Lá, tudo é paz e rigor,
Luxo, beleza e langor.

     Os móveis polidos,
     Pelos tempos idos,
Decorariam o ambiente;
     As mais raras flores
     Misturando odores
A um âmbar fluido e envolvente,
     Tetos inauditos,
     Cristais infinitos,
Toda uma pompa oriental,
     Tudo aí à alma
     Falaria em calma
Seu doce idioma natal.

Lá, tudo é paz e rigor,
Luxo, beleza e langor.

     Vê sobre os canais
     Dormir junto aos cais
Barcos de humor vagabundo;
     É para atender
     Teu menor prazer
Que eles vêm do fim do mundo.
     — Os sangüíneos poentes
     Banham as vertentes,
Os canis, toda a cidade,
     E em seu ouro os tece;
     O mundo adormece
Na tépida luz que o invade.

Lá, tudo é paz e rigor,
Luxo, beleza e langor.

 

Charles Baudelaire

Dezembro 19, 2006

Perfume Exótico

Arquivado em: Charles Baudelaire — kavorka @ 4:44 am

Quando, cerrando os olhos, numa noite ardente,
Respiro a fundo o odor dos teus seios fogosos,
Vejo abrirem-se ao longe litorais radiosos
Tingidos por um sol monótono e dolente.

Uma ilha preguiçosa que nos traz à mente
Estranhas árvores e frutos saborosos;
Homens de corpos nus, esguios, vigorosos,
Mulheres cujo olhar faísca à nossa frente.

Guiado por teu perfume a tais paisagens belas,
Vejo um porto a ondular de mastros e de velas
Talvez exaustos de afrontar os vagalhões,

Enquanto o verde aroma dos tamarineiros,
Que à beira-mar circula e inunda-me os pulmões,
Confunde-se em minha alma à voz dos marinheiros.

 

Charles Baudelaire

Agosto 2, 2006

Embriaguem-se

Arquivado em: Charles Baudelaire — kavorka @ 1:55 pm

É preciso estar sempre embriagado. Aí está: eis a única questão. Para não sentirem o fardo horrível do Tempo que verga e inclina para a terra, é preciso que se embriaguem sem descanso.

Com quê? Com vinho, poesia ou virtude, a escolher. Mas embriaguem-se.
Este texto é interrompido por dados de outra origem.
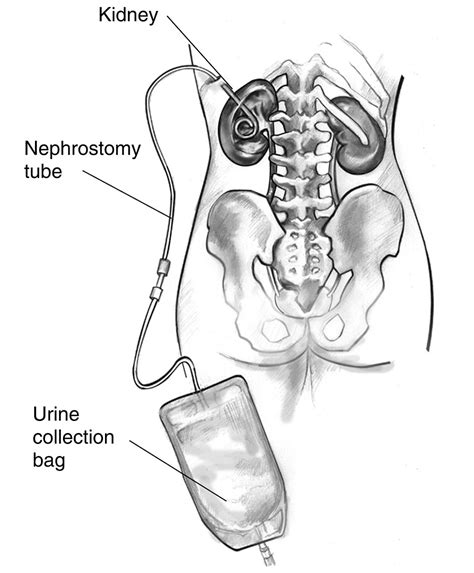 emDOCs.net – Emergency Medicine EducationComplications of Nephrostomy ...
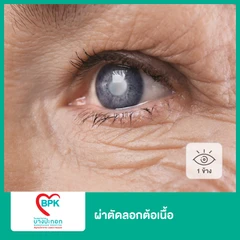 ผ่าตัดลอกต้อเนื้อ 1 ข้าง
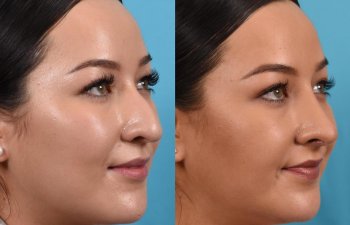 Female patient before and after rhinoplasty - right side.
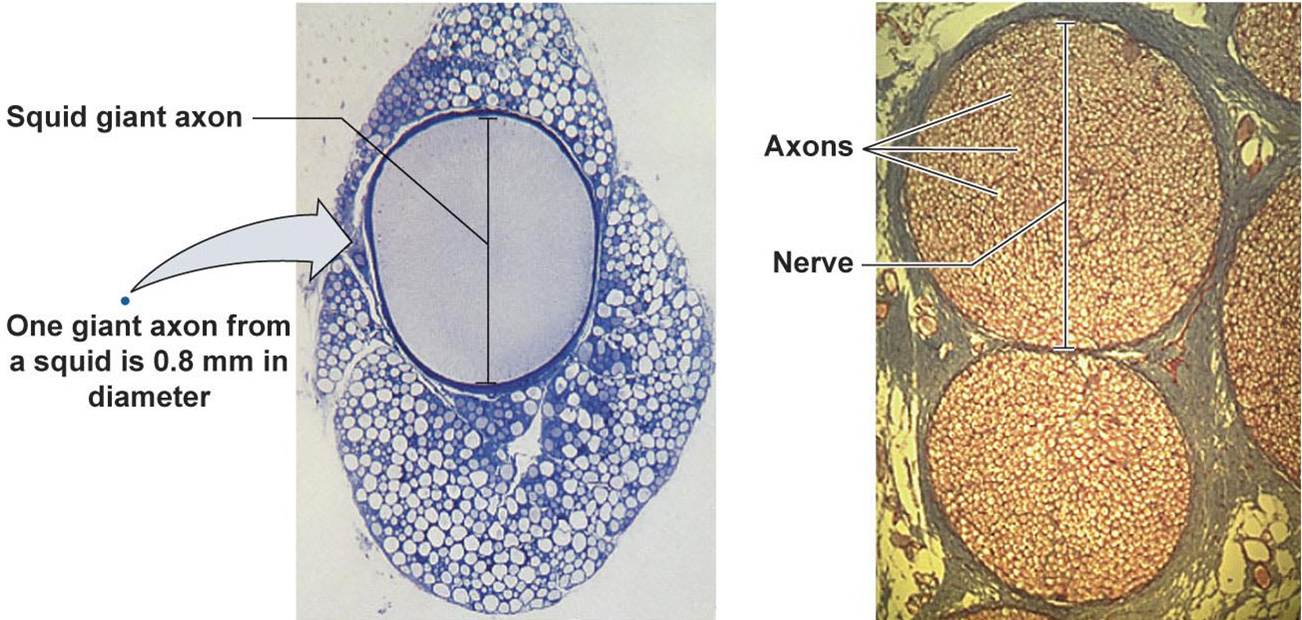 AXON DIAMETER CORRELATES TO THE SPEED OFACTION POTENTIAL CONDUCTION
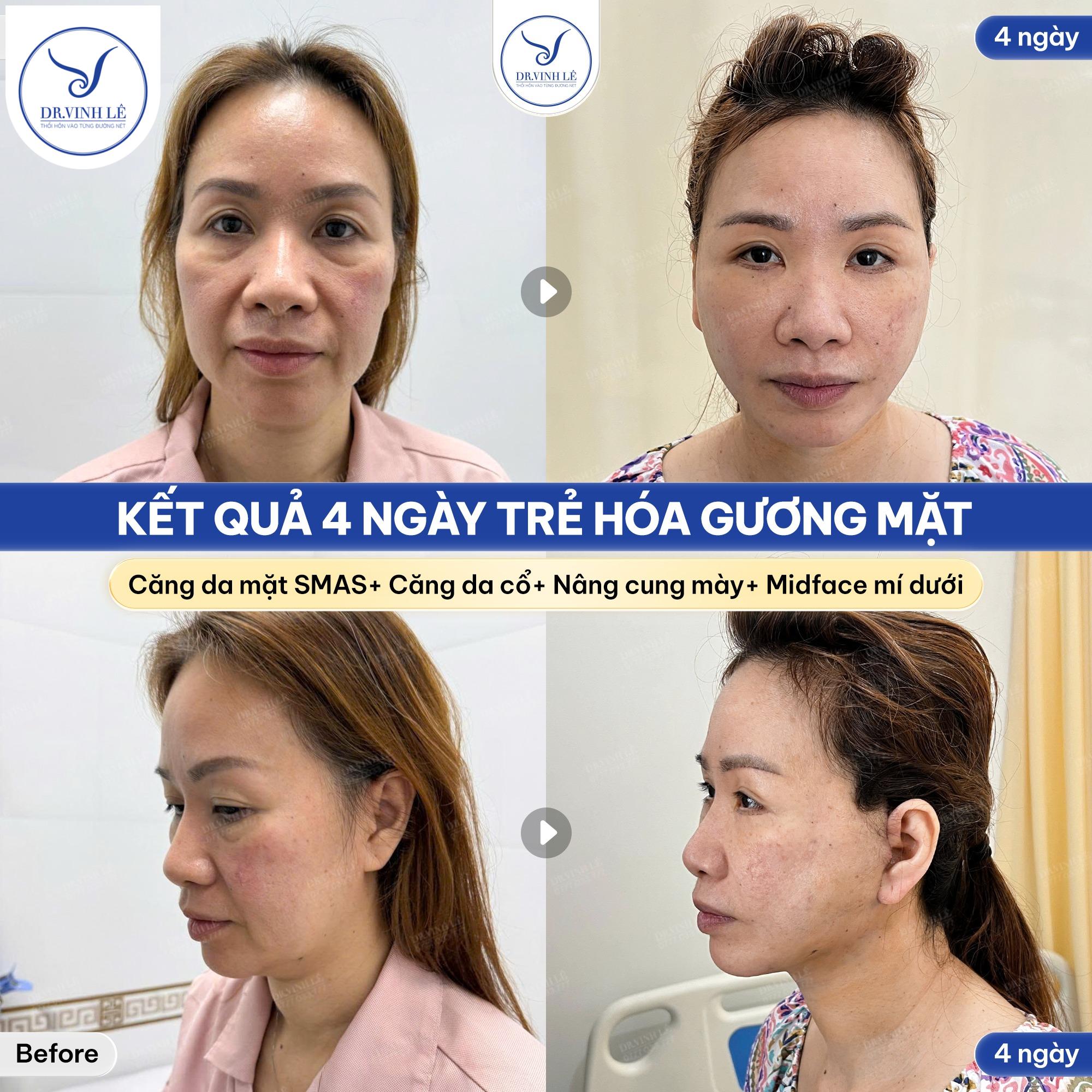 Bác sĩ Lê Hoàng Vinh – Nổi tiếng với kỹ thuật Căng da mặt Smas & Trẻ hóa gương mặt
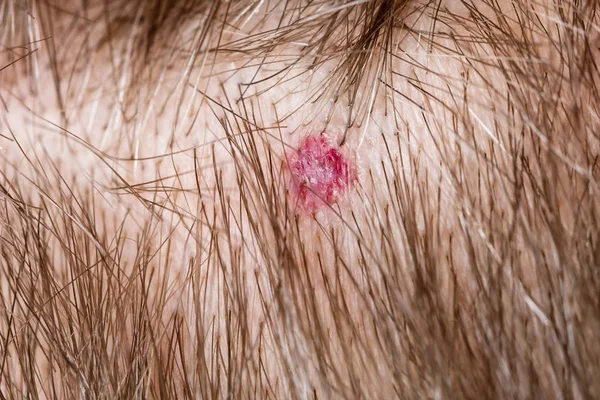 Nevus på människans hårbotten — Stockfoto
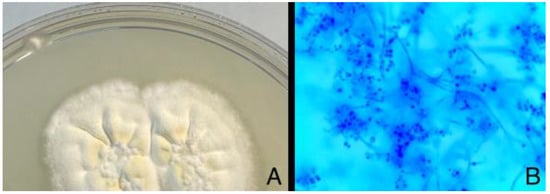Diagnostics 14 01382 g005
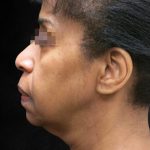 Fat Transfer Before & After Patient #1770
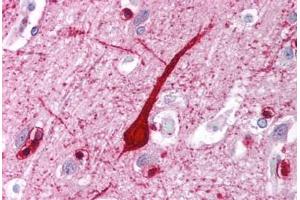 Human Brain, Cortex (formalin-fixed, paraffin-embedded) stained with E2F4 antibody ABIN214109 at 5 ug/ml followed by biotinylated goat anti-rabbit IgG secondary antibody ABIN481713, alkaline phosphatase-streptavidin and chromogen.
E se, porventura, nos degraus de um palácio, sobre a relva verde de um fosso, na solidão morna do quarto, a embriaguez diminuir ou desaparecer quando você acordar, pergunte ao vento, à vega, à estrela, ao pássaro, ao relógio, a tudo que flui, a tudo que geme, a tudo que gira, a tudo que canta, a tudo que fala, pergunte que horas são; e o vento, a vaga, a estrela, o pássaro, o relógio responderão:

“É hora de embriagar-se”! Para “não serem os escravos martirizados do tempo, embriaguem-se; embriaguem-se sem descanso” Com vinho, poesia ou virtude, a escolher.